═════ Working data
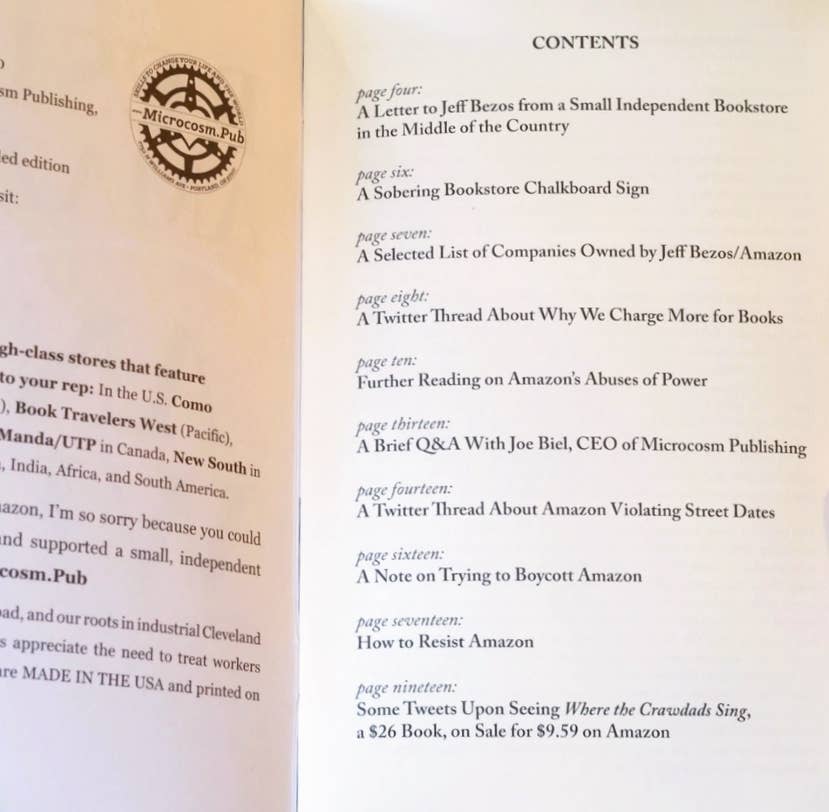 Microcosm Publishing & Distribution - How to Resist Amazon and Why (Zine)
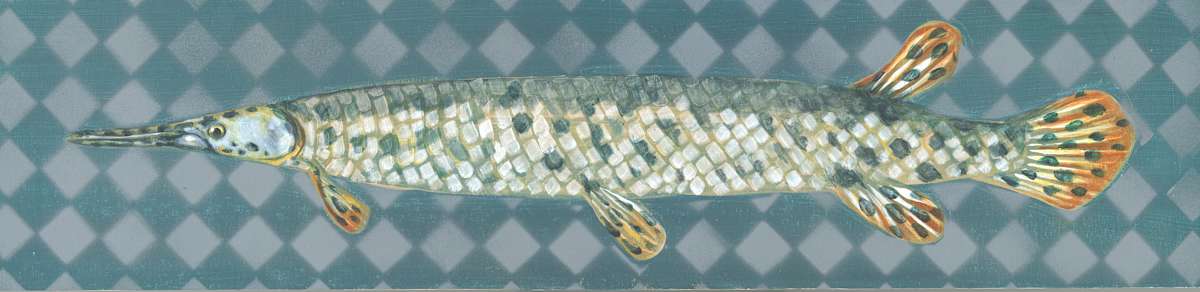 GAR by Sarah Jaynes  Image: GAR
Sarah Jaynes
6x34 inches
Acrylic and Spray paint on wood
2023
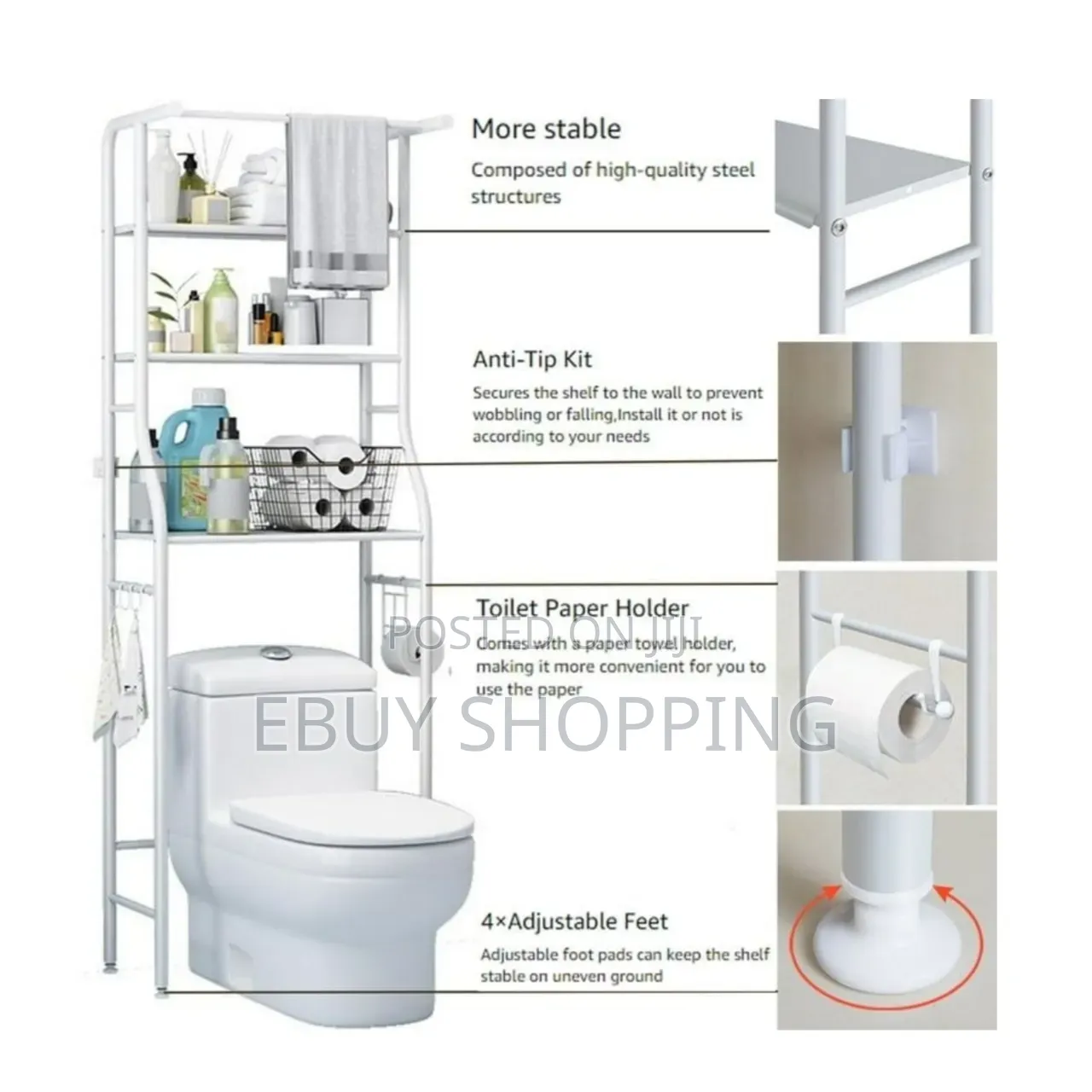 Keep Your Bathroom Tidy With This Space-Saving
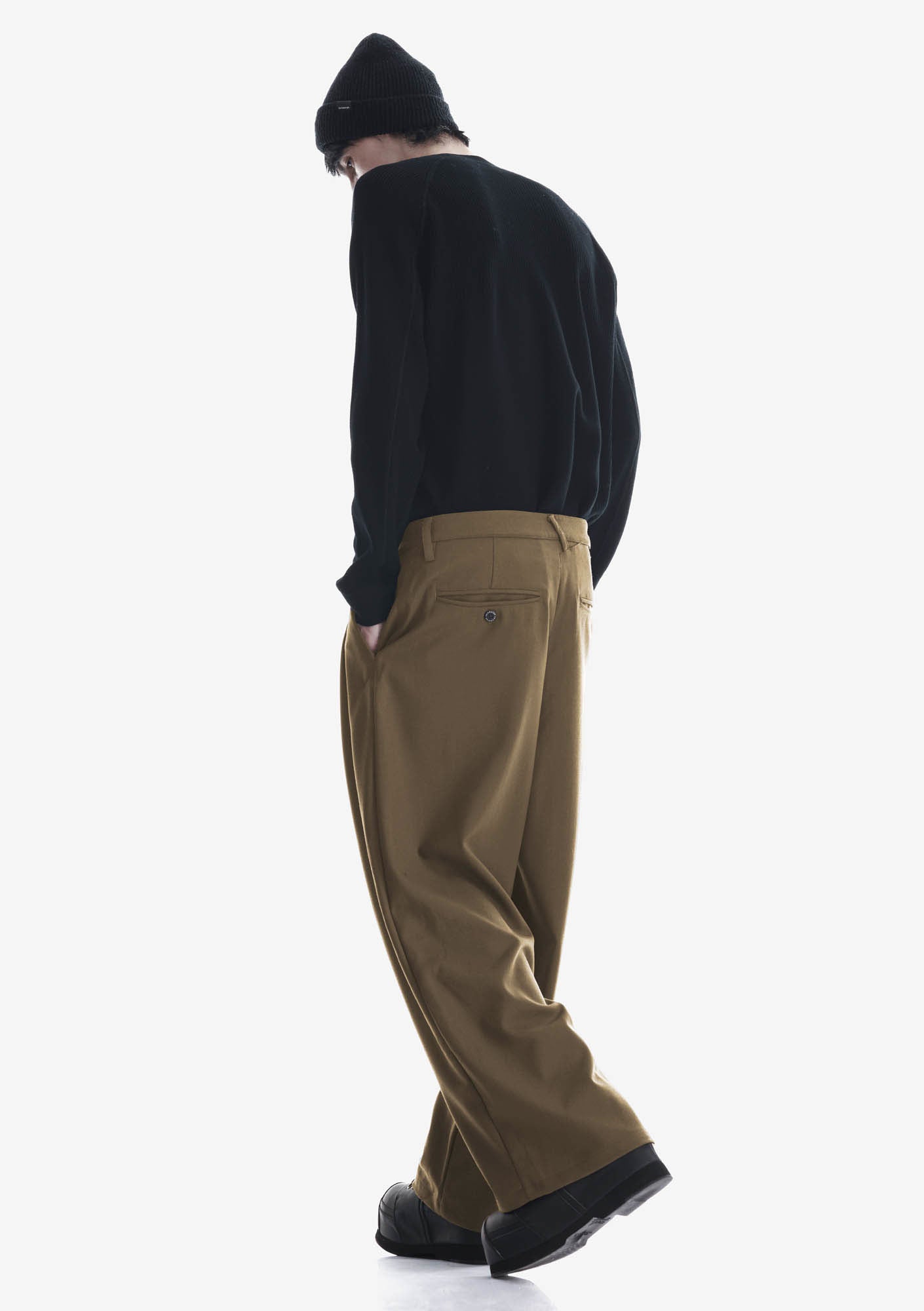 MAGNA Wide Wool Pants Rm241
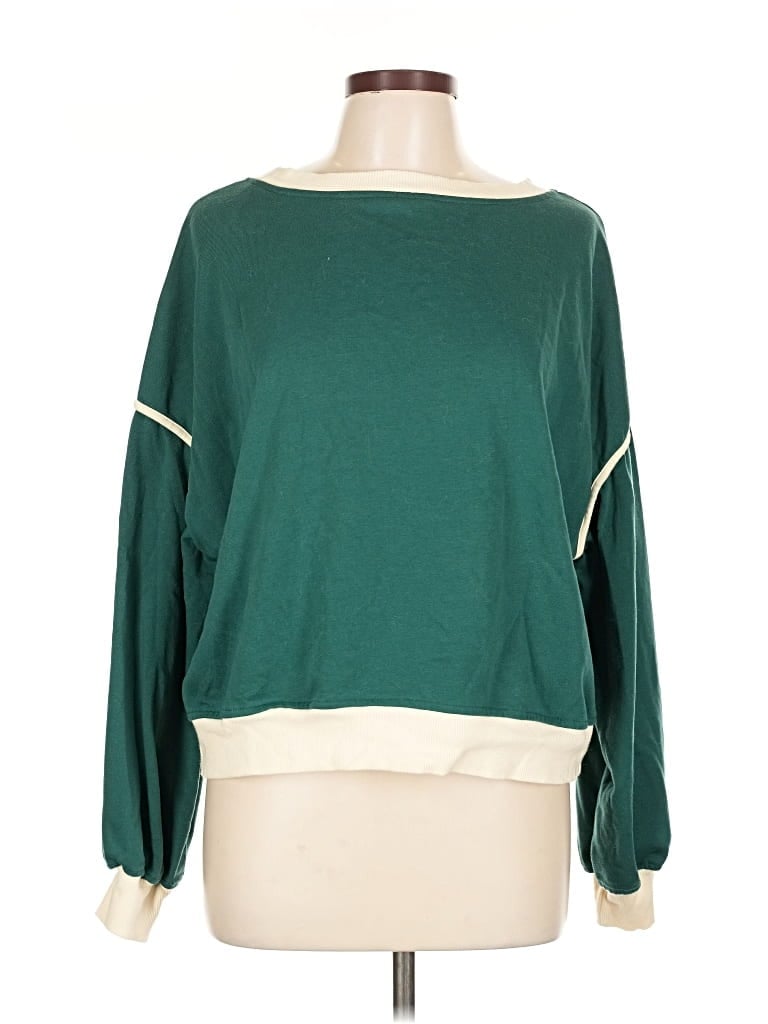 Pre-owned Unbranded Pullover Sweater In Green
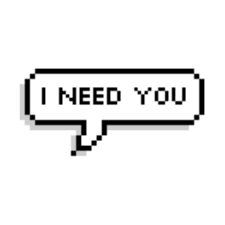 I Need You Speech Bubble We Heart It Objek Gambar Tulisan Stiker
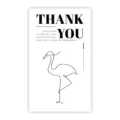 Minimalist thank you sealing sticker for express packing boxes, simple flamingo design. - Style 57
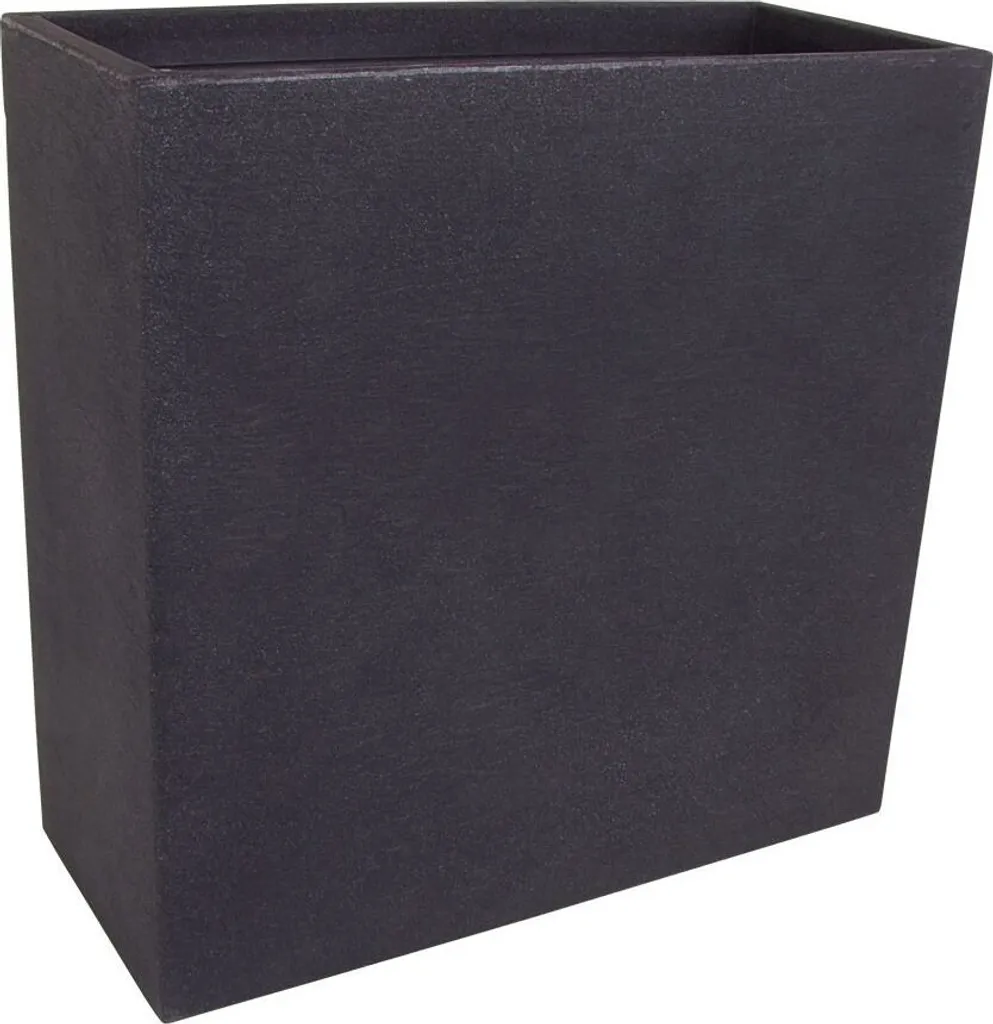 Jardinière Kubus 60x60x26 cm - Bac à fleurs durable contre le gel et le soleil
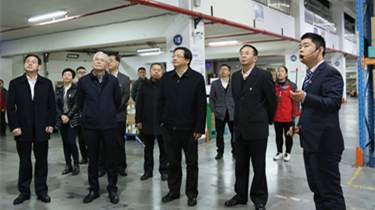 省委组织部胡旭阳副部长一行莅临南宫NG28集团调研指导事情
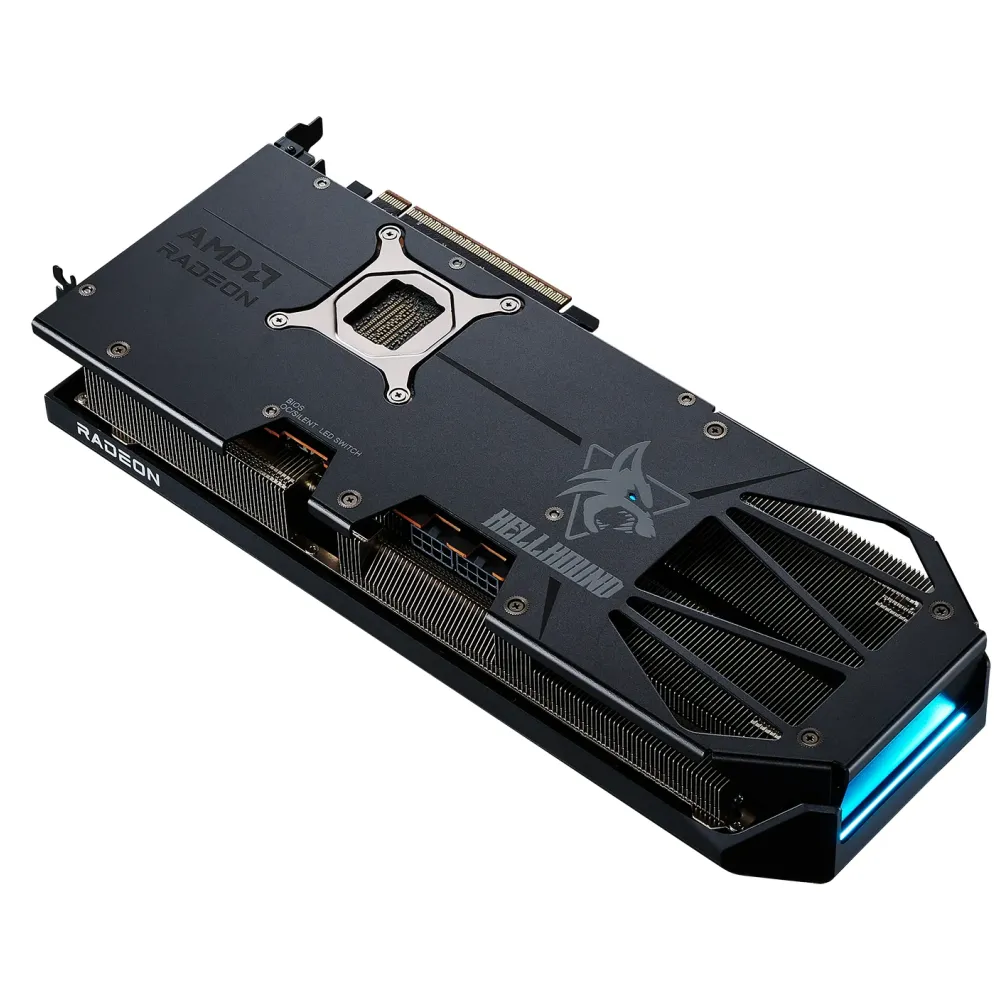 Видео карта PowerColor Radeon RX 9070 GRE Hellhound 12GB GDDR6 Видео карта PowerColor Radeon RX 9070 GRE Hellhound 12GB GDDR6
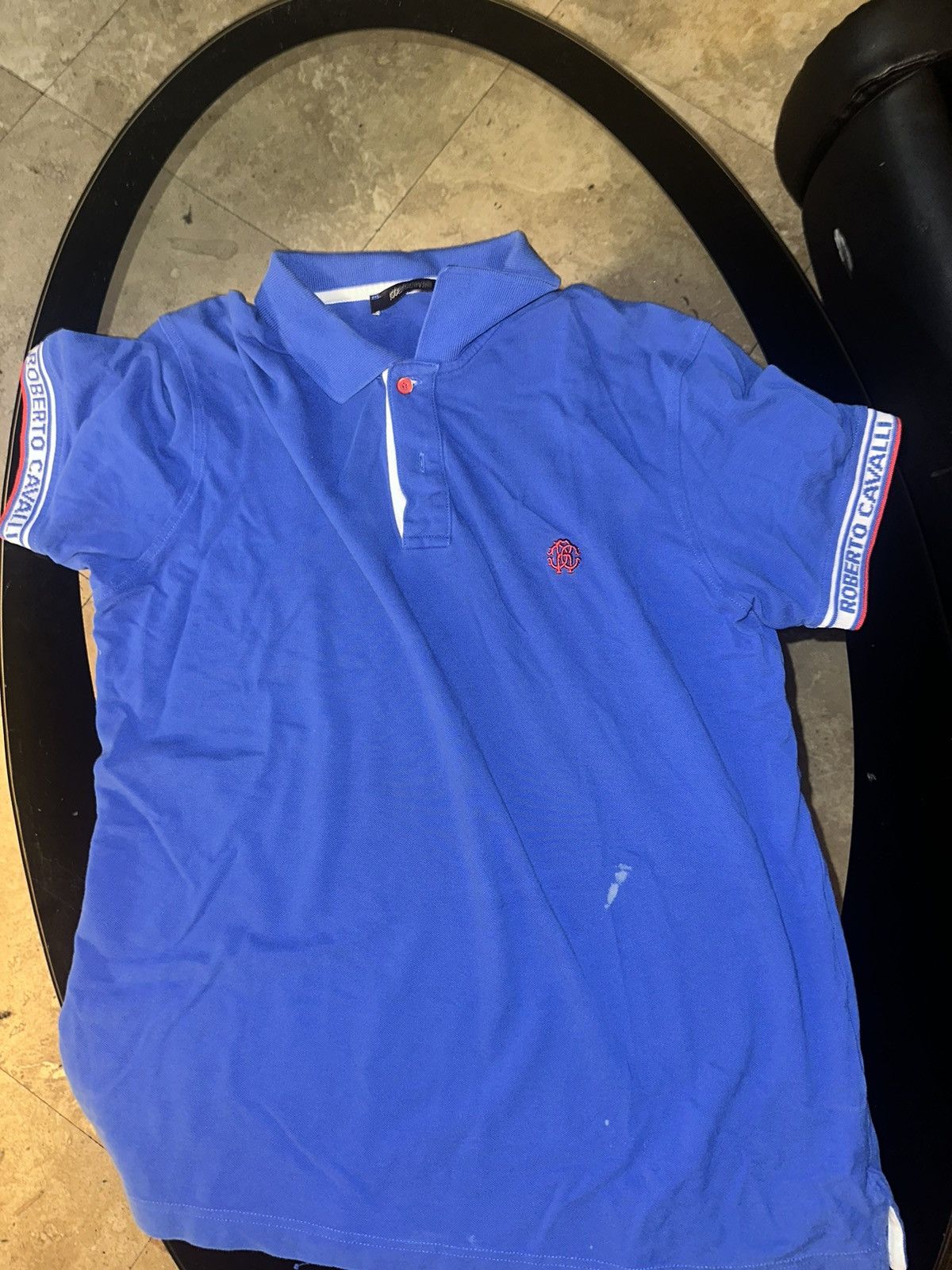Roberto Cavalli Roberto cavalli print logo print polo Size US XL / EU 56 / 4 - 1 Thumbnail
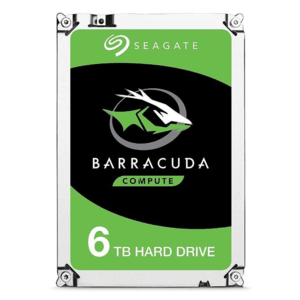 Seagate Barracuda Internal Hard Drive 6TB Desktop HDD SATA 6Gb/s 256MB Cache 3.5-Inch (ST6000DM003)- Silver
══════════
• _Task brief_
Retype the lines from the one containing "Roberto Cavalli Roberto" down to the last line of the records, both included, exactly and nothing more. Pictures stay out.

• _Answer for this exercise_
Roberto Cavalli Roberto cavalli print logo print polo Size US XL / EU 56 / 4 - 1 Thumbnail
 Seagate Barracuda Internal Hard Drive 6TB Desktop HDD SATA 6Gb/s 256MB Cache 3.5-Inch (ST6000DM003)- Silver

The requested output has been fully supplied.